If you have been wondering why your offshore equity fund is underperforming the S&P500 index, then consider the following explanation: the S&P500 index represents the 500 largest companies in the USA at any given moment. Currently, three companies are battling it out for the honor of being the largest, with the order changing almost daily depending on their share price. Those companies are Microsoft, Apple and Nvidia. If we add the next two in line, being Amazon and Alphabet (Google), we have five companies that make up almost 30% of the entire index – and therein lies the problem. If the fund you are invested in does not have a very large weighting towards these five stocks, your returns would not have been even close to the performance of the S&P500 index.
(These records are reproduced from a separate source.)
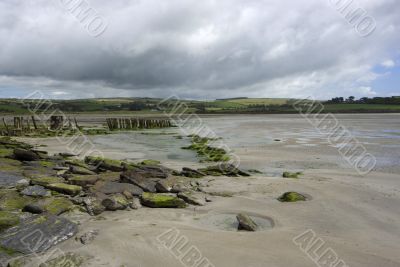 Southern Ireland beach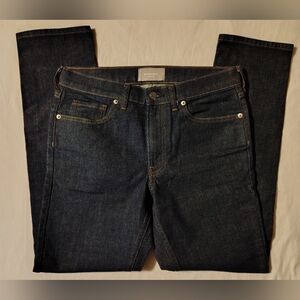 Everlane Men's The Slim Fit Organic Cotton Jeans Size 31 X 30 NWOT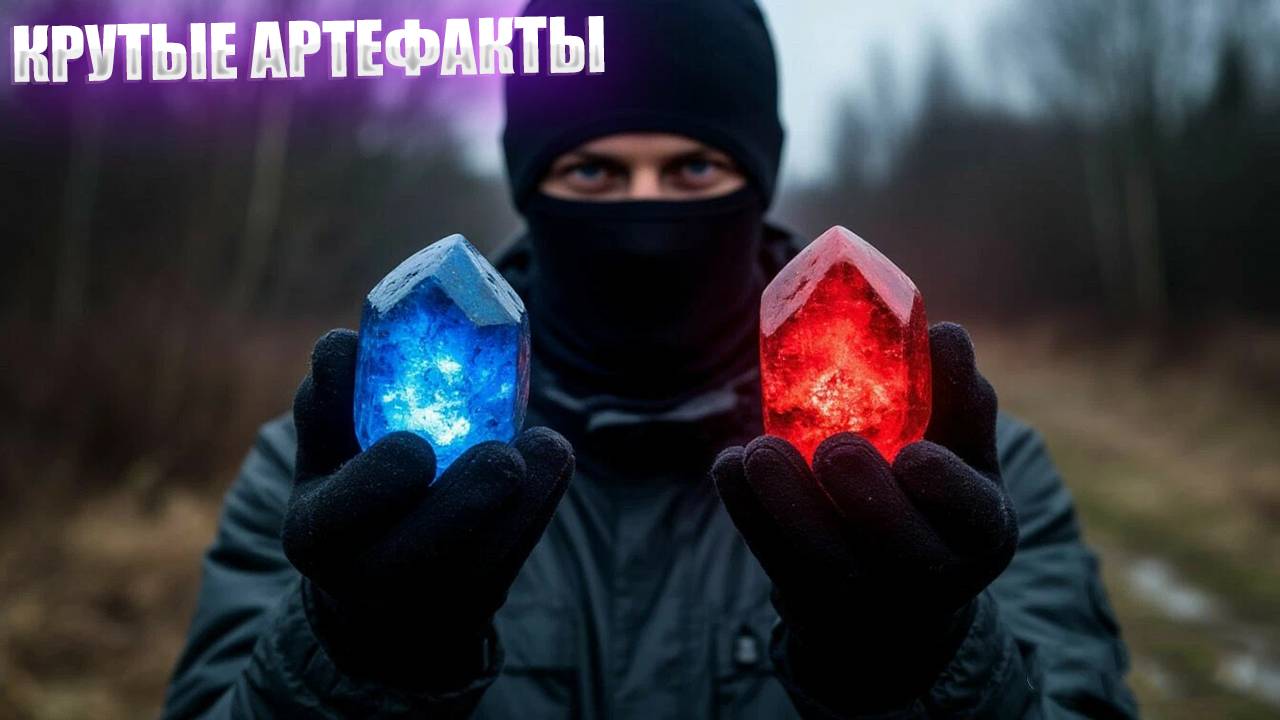 КРУТЫЕ АРТЕФАКТЫ | СТАЛКЕР ГРАНЬ | СЕРИЯ 3 (НЕЙРО-КОЦОВКА)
But, before you become too upset, please consider the accompanying performance spreadsheet of what we call the “equally weighted S&P index” relative to the usual market cap index.
The equally weighted index is the performance you would see if all the companies were the same size and their share price performance carried the same weight as the bigger companies. It is clear that over the last ten years the bigger companies performed better that the average company in the index and if you were not invested in them, you would have underperformed.
If we analyze this situation we come to the following conclusions:
- If you concentrate your investment into just a handful of stocks, you increase your risk a lot. It is always easy to identify the winners with hindsight.
- There were long periods of time where the smaller companies in the S&P500 did outperform the bigger companies (1974-1979 and 2009-2014).
- The winners over the last two years like Nvidia, Apple and Meta have been very volatile and never cheap. So you never knew when it was a good time to buy them.
- Almost all the offshore equity funds you can invest in are global funds and do not invest just in the USA. The USA has been the best performing market for quite a number of years.
When we invest, we have to consider more than just the maximum return we can generate. We have to consider whether you are at a time in your life when you have to create wealth or preserve the wealth you have created. We have to decide between investment in something with the potential to permanently destroy your capital; or something where any significant loss of capital would be just temporary and the investment would bounce back owing to its quality. We have to consider the fact that the current good performance of an investment might be temporary and not sustainable. At the end of the day it is important for us to know that the funds we invest in will produce consistent longer-term inflation-beating returns; rather than investing in those shooting-star phenomena which burn brightly but fade away rather quickly.